Members were advised that the contact centre had access to a wealth of information regarding resident contacts; this information was being used to create a more efficient and digitally oriented service. PricewaterhouseCoopers (PWC) had been brought in to pull together 28 different stories that could be digitalised, and My Account would be centred around these stories covering all services. It was acknowledged that this was a challenge as the contact centre received some 15,000-16,000 calls per month and had recorded 1700 different reasons for calls in 2022 alone.
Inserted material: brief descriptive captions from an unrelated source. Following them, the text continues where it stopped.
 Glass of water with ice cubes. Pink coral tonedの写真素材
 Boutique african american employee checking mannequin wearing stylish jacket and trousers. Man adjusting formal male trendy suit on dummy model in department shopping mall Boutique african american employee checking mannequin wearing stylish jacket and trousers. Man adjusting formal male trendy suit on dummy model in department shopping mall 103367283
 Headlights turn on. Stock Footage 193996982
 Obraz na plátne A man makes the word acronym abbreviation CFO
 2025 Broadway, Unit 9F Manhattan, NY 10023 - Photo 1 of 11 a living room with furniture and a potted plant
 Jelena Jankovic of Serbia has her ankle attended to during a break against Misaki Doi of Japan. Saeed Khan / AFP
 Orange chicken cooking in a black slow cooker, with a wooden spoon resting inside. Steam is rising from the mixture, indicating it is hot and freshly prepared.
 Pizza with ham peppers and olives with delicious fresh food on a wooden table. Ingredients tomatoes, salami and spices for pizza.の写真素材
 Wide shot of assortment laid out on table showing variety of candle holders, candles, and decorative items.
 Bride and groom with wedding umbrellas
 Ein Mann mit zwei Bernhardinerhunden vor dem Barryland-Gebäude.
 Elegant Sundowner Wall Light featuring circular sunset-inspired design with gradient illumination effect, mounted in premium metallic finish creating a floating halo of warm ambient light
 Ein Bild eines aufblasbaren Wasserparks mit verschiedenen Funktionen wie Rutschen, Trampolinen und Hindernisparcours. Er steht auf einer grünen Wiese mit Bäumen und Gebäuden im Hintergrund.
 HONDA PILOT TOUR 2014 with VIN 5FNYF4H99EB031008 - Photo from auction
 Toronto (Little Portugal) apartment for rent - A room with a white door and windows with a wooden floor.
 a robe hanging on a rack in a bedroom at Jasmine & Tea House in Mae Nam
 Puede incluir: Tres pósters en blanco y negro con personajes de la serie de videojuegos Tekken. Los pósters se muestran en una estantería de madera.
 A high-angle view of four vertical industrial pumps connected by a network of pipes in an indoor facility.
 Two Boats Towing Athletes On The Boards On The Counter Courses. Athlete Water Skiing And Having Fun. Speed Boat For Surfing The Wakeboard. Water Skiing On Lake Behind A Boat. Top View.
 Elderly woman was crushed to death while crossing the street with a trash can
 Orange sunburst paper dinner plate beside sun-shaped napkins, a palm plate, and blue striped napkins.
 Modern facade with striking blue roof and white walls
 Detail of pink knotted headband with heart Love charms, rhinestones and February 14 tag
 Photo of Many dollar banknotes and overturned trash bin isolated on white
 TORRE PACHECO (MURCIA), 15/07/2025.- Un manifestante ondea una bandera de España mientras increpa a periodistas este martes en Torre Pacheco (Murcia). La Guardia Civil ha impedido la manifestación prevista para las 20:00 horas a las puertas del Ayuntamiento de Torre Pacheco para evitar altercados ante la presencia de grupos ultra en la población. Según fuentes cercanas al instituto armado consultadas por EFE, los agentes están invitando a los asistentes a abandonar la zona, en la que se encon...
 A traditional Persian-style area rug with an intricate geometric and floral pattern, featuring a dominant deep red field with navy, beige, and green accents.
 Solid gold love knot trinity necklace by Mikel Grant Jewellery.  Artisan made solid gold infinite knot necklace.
It was confirmed that the Council had worked with PWC to introduce Amazon Web Services (AWS). The first service for which AWS had been introduced was Housing Repairs as this service received the highest volume of calls. PWC had led the project with input from contact centre staff and the first AWS service had gone live in November 2022. Under the new system, residents were asked why they were contacting the Council and, where possible, a response would be provided or a link to the online system to enable the resident to report the issue. If residents could not access the online system, they would still be given an option to speak to someone in the contact centre. Following the successful introduction of the AWS system for Housing Repairs, the new AWS system had now gone live for all Council services. As a result of these changes, contact centre staffing had reduced by 17 posts.


Members were reassured that support would be provided to residents experiencing difficulties with the technology or with setting up My Account. The offer of support was also being rolled out in libraries and the aim was to provide a wrap-around support service to encourage residents to adopt the new approach. Councillors welcomed the introduction of support services in libraries.


In response to questions from Members regarding issues encountered by residents and how these were addressed, it was confirmed that now was the time for reflection and review. Emergency housing repairs calls were directed immediately to an agent while routine queries could be dealt with online. It was recognised that residents sometimes failed to speak hence technology was being explored to manage the silence and give people options. The contact centre had an assisted list of people who consistently struggled with the system and these residents would be automatically passed to an agent. Moreover, AWS was being updated to recognise some of the specific vocabulary regularly used by residents such as ‘Locata’.


In response to further questioning, Councillors were informed that the AWS system could identify and channel similar requests; for example, if a query related to heating, the system would ask for a postcode and direct the caller to the correct company accordingly. Members heard that housing repairs used direct labour in addition to support contractors and specialist service contractors. The system was being enhanced to ensure calls went directly through to the appropriate department/company.


Members sought further clarification regarding the systems in place to deal with an emergency or cyber-attack. It was confirmed that the Council used ‘Anchor’ to provide a contracted out of hours service. Anchor took the calls when the contact centre closed and provided back up if the systems went down for any reason.


Councillors enquired how the AWS system helped those with disabilities or a language need. Members were advised that, if the system failed to understand someone, the call would be passed through to the contact centre. The option of inputting individuals into the AWS system so they went directly through to an agent was being explored. In respect of language barriers, it was confirmed that a translation / interpreter service was available in the Council, but people often asked a family member or friend to help them when making a call. A translation service through AWS was being considered but there would be a cost involved.


In response to Members’ questions, it was confirmed that a live chat bot system was already in place to assist people online. Artificial intelligence technology was also being explored. Councillors were advised that the Council was keeping an open mind about providers noting that it was important not to be dependent on or locked in to one provider.


Further information regarding waiting times and the number of abandoned / redialled calls was sought by Members. The option of a survey at the end of the call was suggested to obtain feedback from residents. In response to this, Members were informed that the AWS system answered all calls immediately. It was confirmed that call numbers had decreased since the introduction of the AWS system and waiting times had reduced to approximately four minutes. The aim was to encourage the majority of residents to go online when possible so the contact centre agents could take calls from the more vulnerable residents.  


The Committee Members heard that the new system had been successfully stress tested prior to implementation in November 2022. Contact centre staff were responsible for building the forms and adding them to the website hence these could be updated as required. Dynamic messaging ensured messages were kept up to date.


Given the reduction in library opening times and cost of living pressures, Councillors sought clarification as to the contingencies in place to ensure inclusion. It was confirmed that support through community groups and workshops was available for those who lacked confidence or required assistance with technology. This would be kept under review.


Members noted that it would take time for residents to become accustomed to the new system and recognised the importance of assistance provided in libraries. A continuous programme of public education was essential.


Members were invited to visit the contact centre on a site visit at a convenient time.


RESOLVED: That the Finance and Corporate Services Select Committee noted the update set out in the report to improve the resident experience and efficiency in meeting needs, using new digital technologies.